#### [PROBLEM DETAILS]
Repeat only the lines below that run from the line with "Cooper B-Line - Electrical" to the line with "Mirific Party Set", ends included; skip every picture.

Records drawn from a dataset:

.....

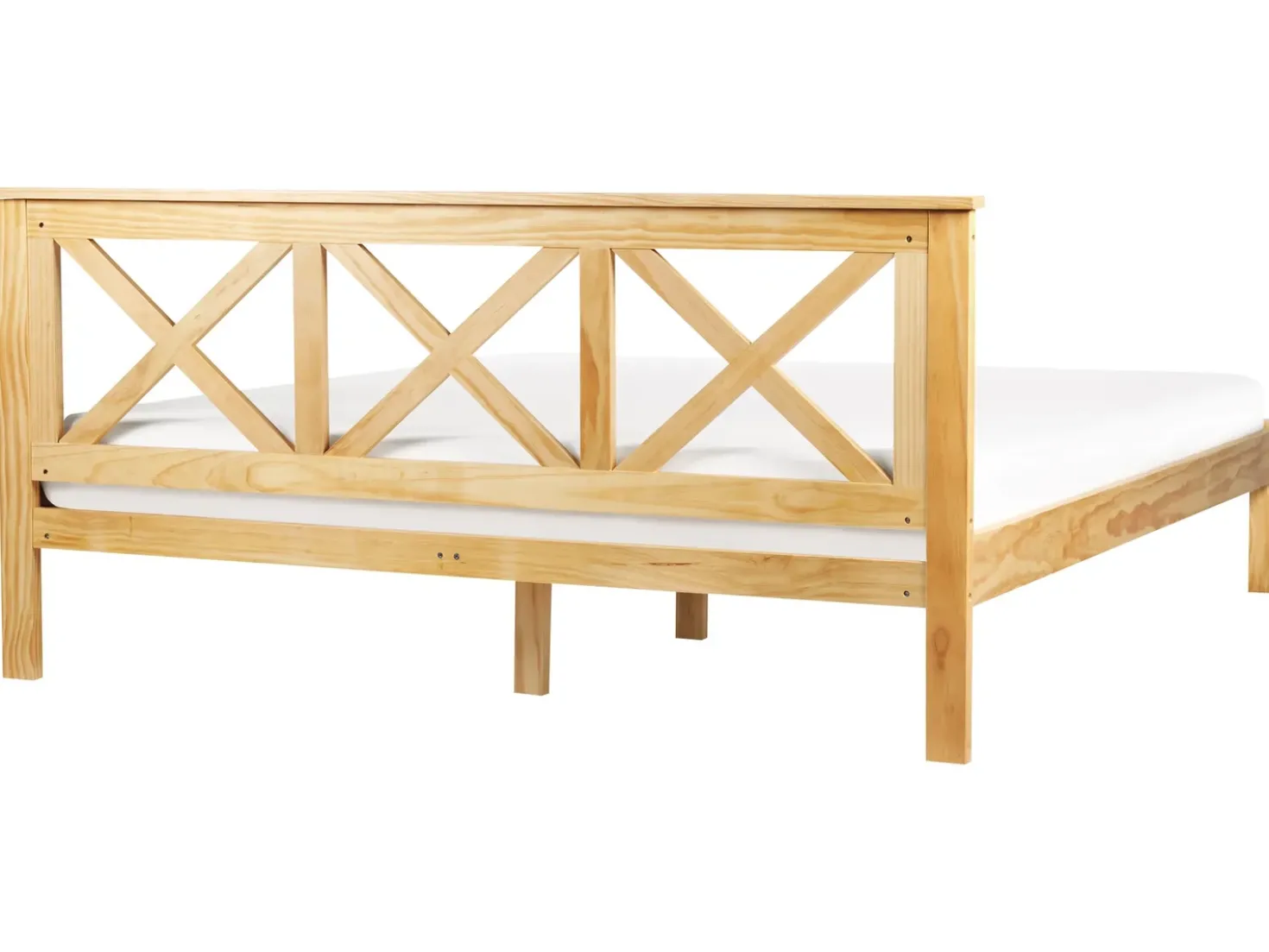 Letto Legno di pino TANNAY 180 x 200 cm Marrone chiaro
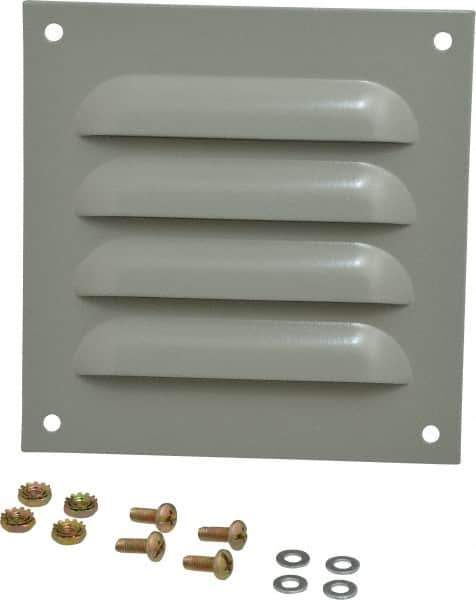 Cooper B-Line - Electrical Enclosure Steel Louver Plate Kit - For Use with Enclosures - Industrial Tool & Supply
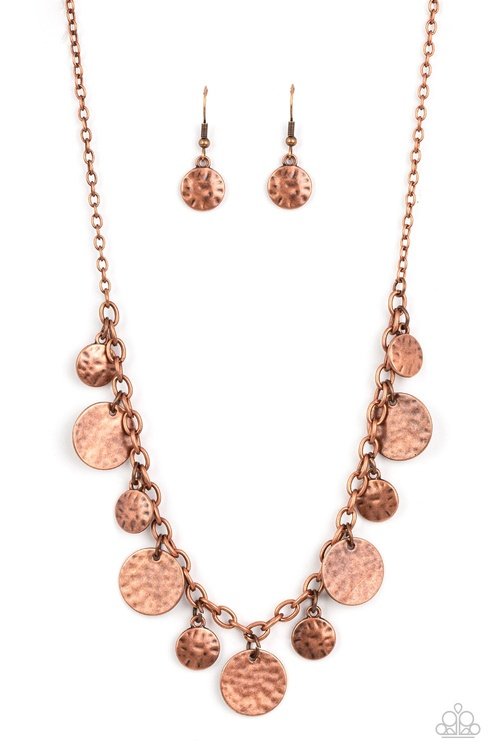 MODEL MEDALLIONS COPPER-NECKLACE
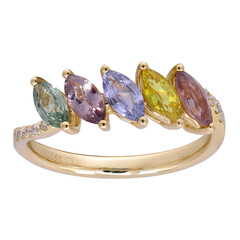 Anello in oro con Zaffiro Fancy (CIRARI)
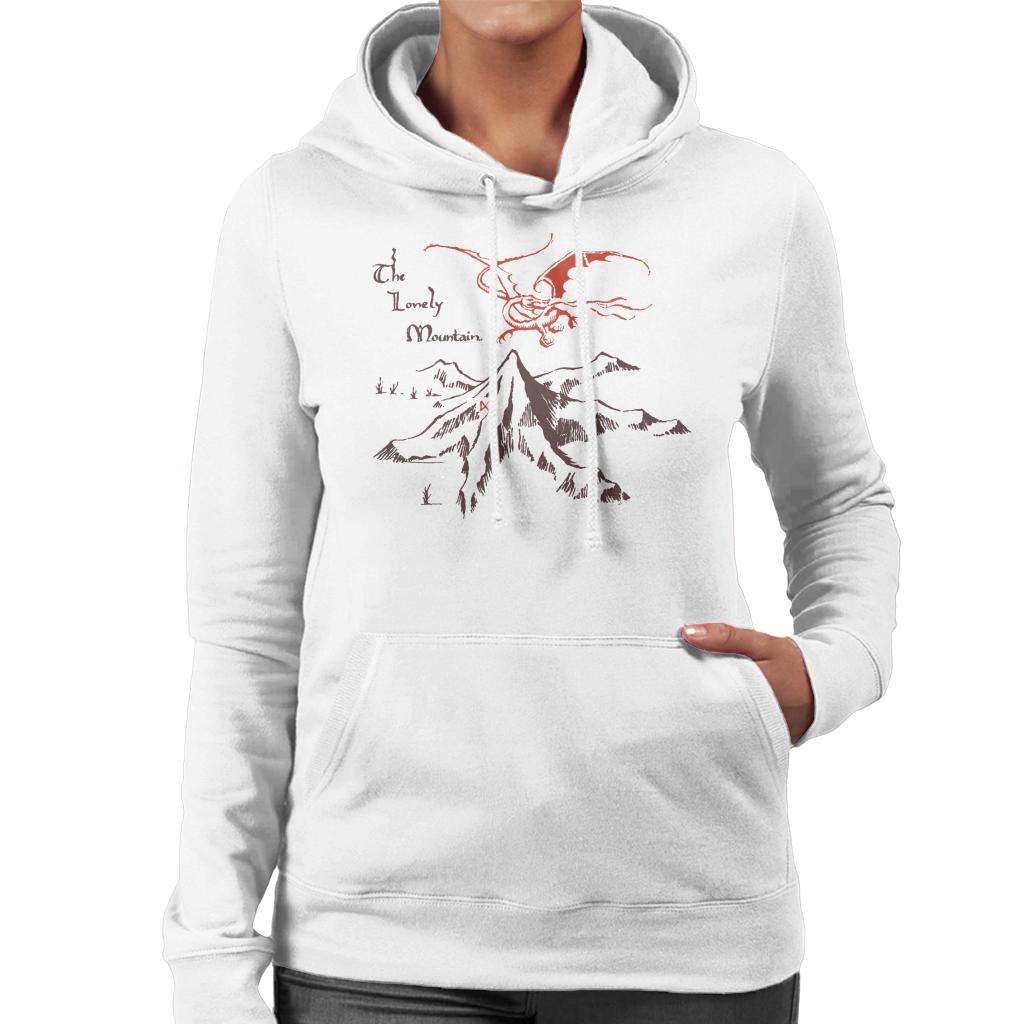The Hobbit Lonely Mountains Women's Hooded Sweatshirt product image 4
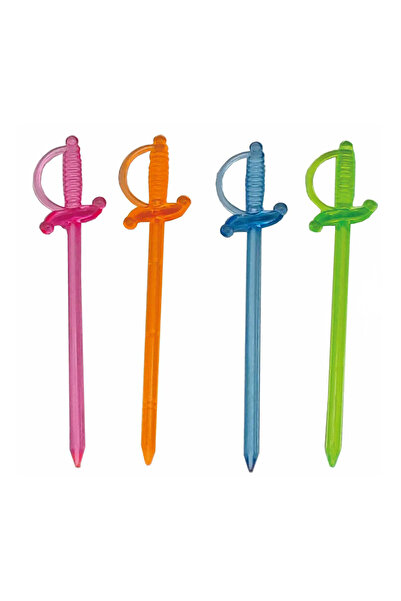 Mirific Party Set de 30 scobitori decorative multicolore, 8,5 cm, QT9870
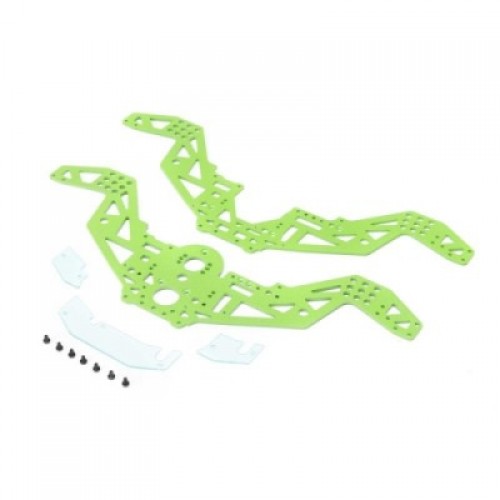 �˾���ũ LOS211052 [TEAM LOSI] Chassis Plate Set, Green: Mini LMT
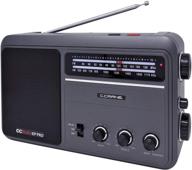 📻 c. crane ccradio - ep pro am fm battery operated portable analog radio with digital signal processing (dsp) logo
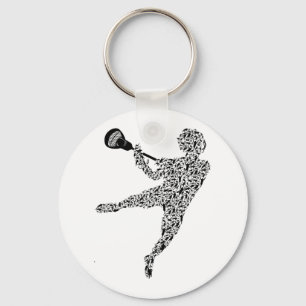 Llavero Camisetas Lacrosse Icono Lacrosse Jugador Camisa U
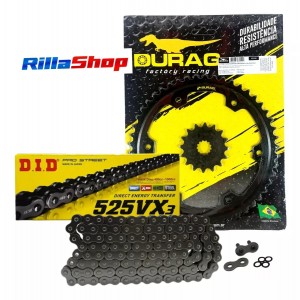 Kit Relação Did 525 Vx3 122l Durag 50/16 Triumph Tiger 900 GT/Rally 20/24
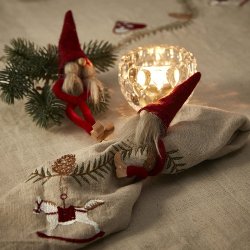 Speedtsberg - Kaj &amp; Line servietringe - rde 2 varianter - 1 stk.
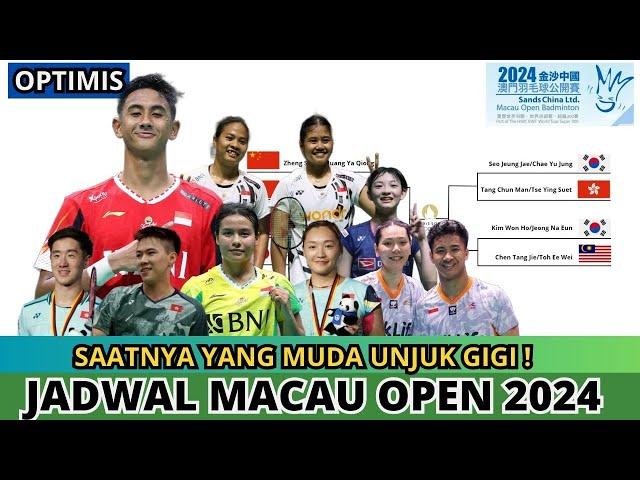 JADWAL MACAU OPEN 2024 DAN DAFTAR PEMAIN UNGGULAN #macauopen2024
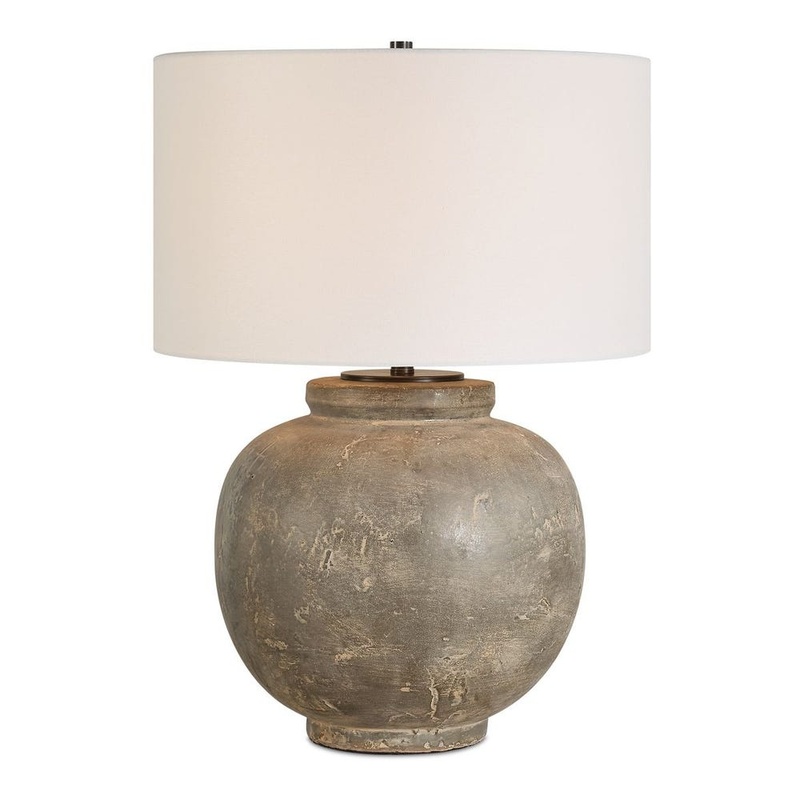 Uttermost Rock Of Ages Rust Brown Table Lamp 30647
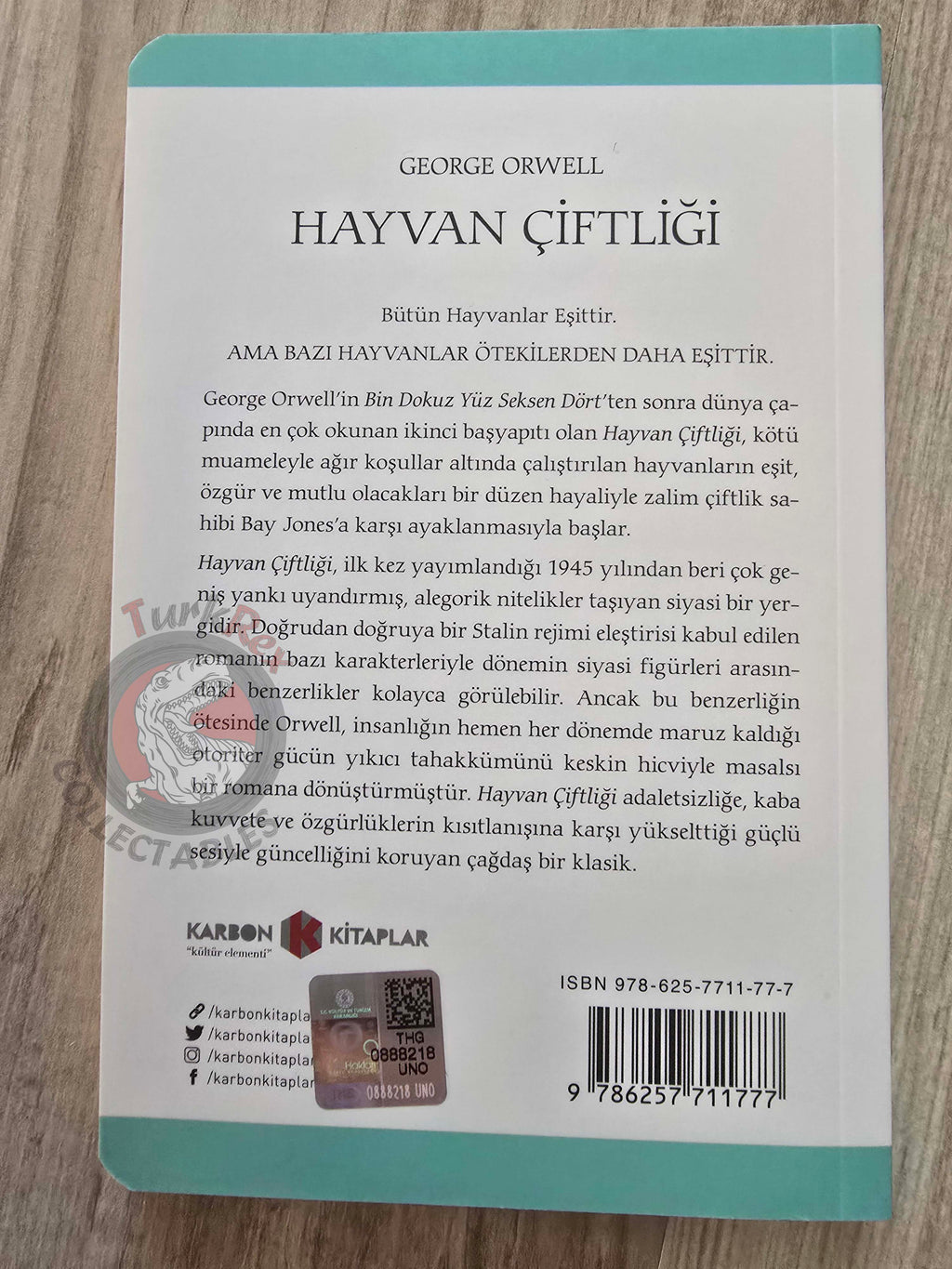 George Orwell – Animal Farm 2021 Turkish Book Turkey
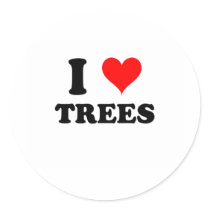 I Love Trees stickers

.....

#### [FINISHED EXERCISE]
 Cooper B-Line - Electrical Enclosure Steel Louver Plate Kit - For Use with Enclosures - Industrial Tool & Supply
 MODEL MEDALLIONS COPPER-NECKLACE
 Anello in oro con Zaffiro Fancy (CIRARI)
The Hobbit Lonely Mountains Women's Hooded Sweatshirt product image 4
 Mirific Party Set de 30 scobitori decorative multicolore, 8,5 cm, QT9870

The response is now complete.